The Island of Missing Trees

By Elif Shafak

Fiction, Literary, Coming of Age, Women, Family Life, Marriage & Divorce, Cultural Heritage | 532 pages
2 recommendations

A rich, magical new novel on belonging and identity, love and trauma, nature and renewal, from the Booker-shortlisted author of 10 Minutes 38 Seconds in This Strange World.

Two teenagers, a Greek Cypriot and a Turkish Cypriot, meet at a taverna on the island they both call home. In the taverna, hidden beneath garlands of garlic, chili peppers and creeping honeysuckle, Kostas and Defne grow in their forbidden love for each other. A fig tree stretches through a cavity in the roof, and this tree bears witness to their hushed, happy meetings and eventually, to their silent, surreptitious departures. The tree is there when war breaks out, when the capital is reduced to ashes and rubble, and when the teenagers vanish. Decades later, Kostas returns. He is a botanist looking for native species, but really, he's searching for lost love.

Years later a Ficus carica grows in the back garden of a house in London where Ada Kazantzakis lives. This tree is her only connection to an island she has never visited--- her only connection to her family's troubled history and her complex identity as she seeks to untangle years of secrets to find her place in the world.

A moving, beautifully written, and delicately constructed story of love, division, transcendence, history, and eco-consciousness, The Island of Missing Trees is Elif Shafak's best work yet.

Latest recommendations
Deborah Davies
14th Nov 2024
"In this novel I learned the history, the tragedy and the joys of Cyprus in a love story.

The author manages to evoke the sights, sounds and smells of Nicosia.

It transported me back to a day in the summer of 1986 when we visited for the first time. Hiring a car we rattled across the island to visit Nicosia and explore the Green Line, We saw NATO soldiers on patrol and countless bullet holes in walls and buildings.

Not until I read this book did I truly understand what had really happened to the communities of this island.
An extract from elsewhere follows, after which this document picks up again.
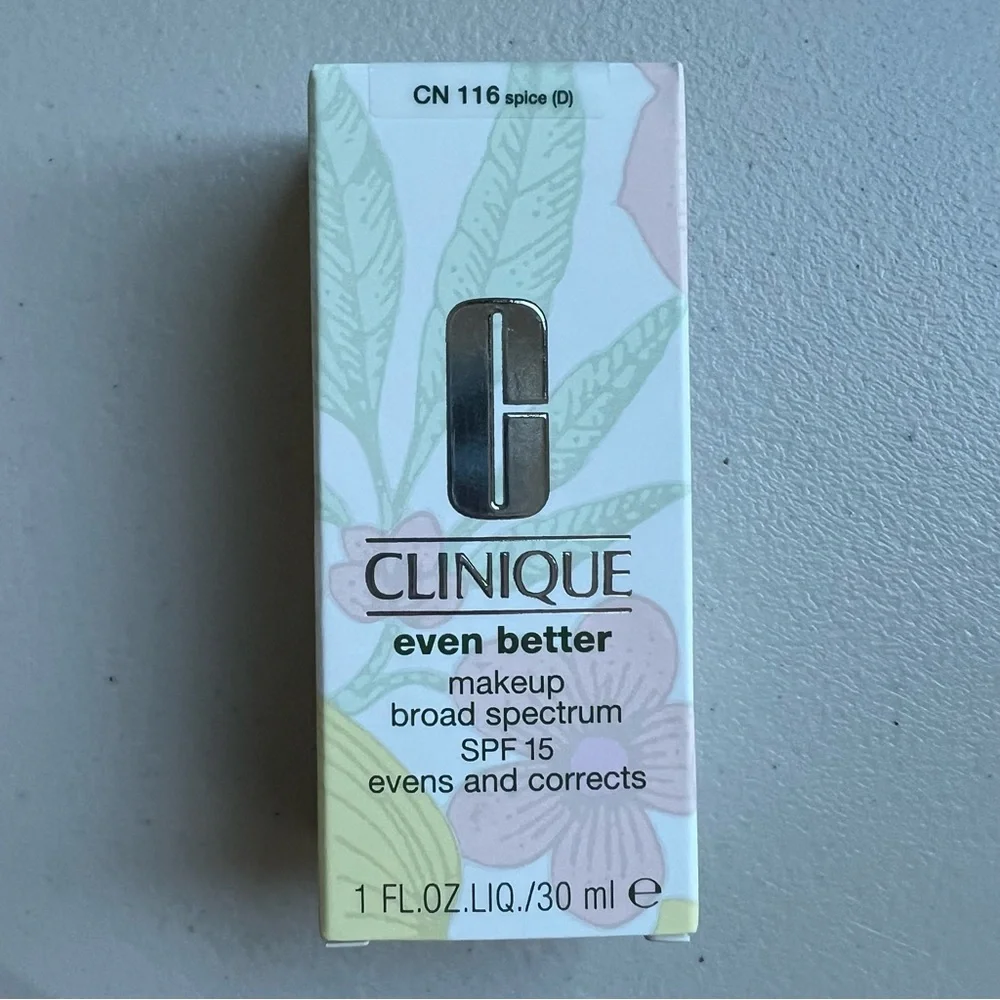 CLINIQUE Even Better Makeup Broad Spectrum SPF 15, 30 ml, CN 116 Spice (D), NIB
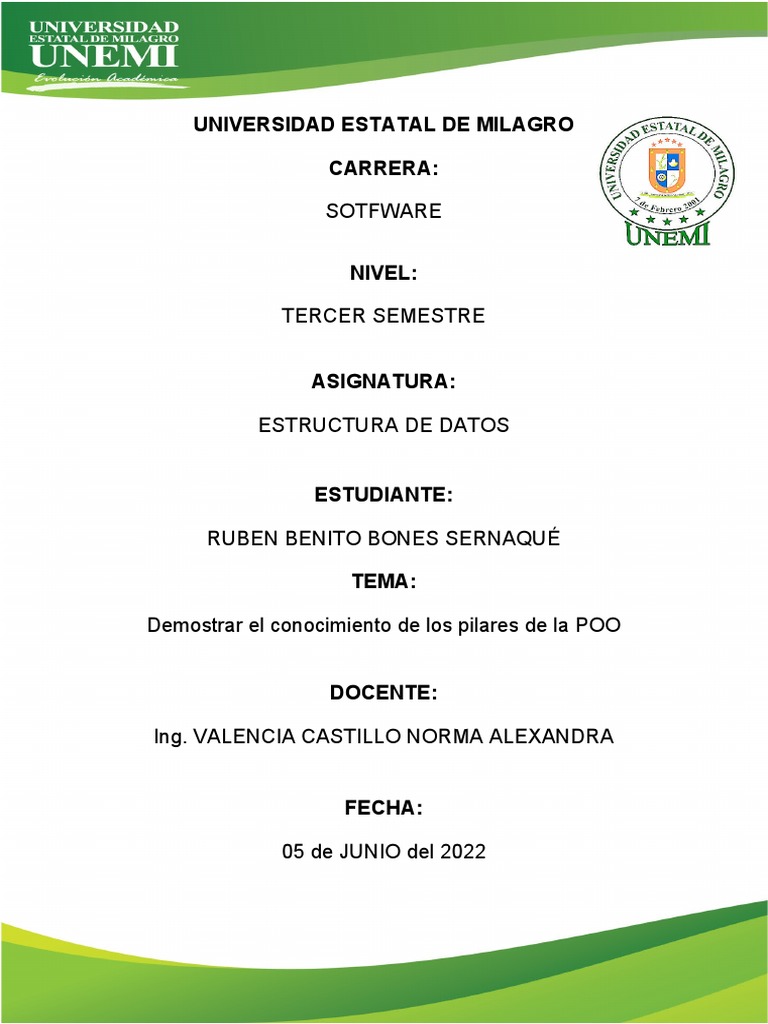 Pilares de La Poo PDF Programación orientada a objetos Herencia (Programación Orientada a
We’ve returned to Cyprus several times since. But after reading Elif Shafak I relish it so much more.

This book should be on every Cyprus travellers reading list."
Julia Pettitt
14th Nov 2024
"Loved this book, its made me want to visit Cyprus which I knew nothing about prior to reading it and it brought back happy memories of all the times I've picked warm figs by the roadside on my travels."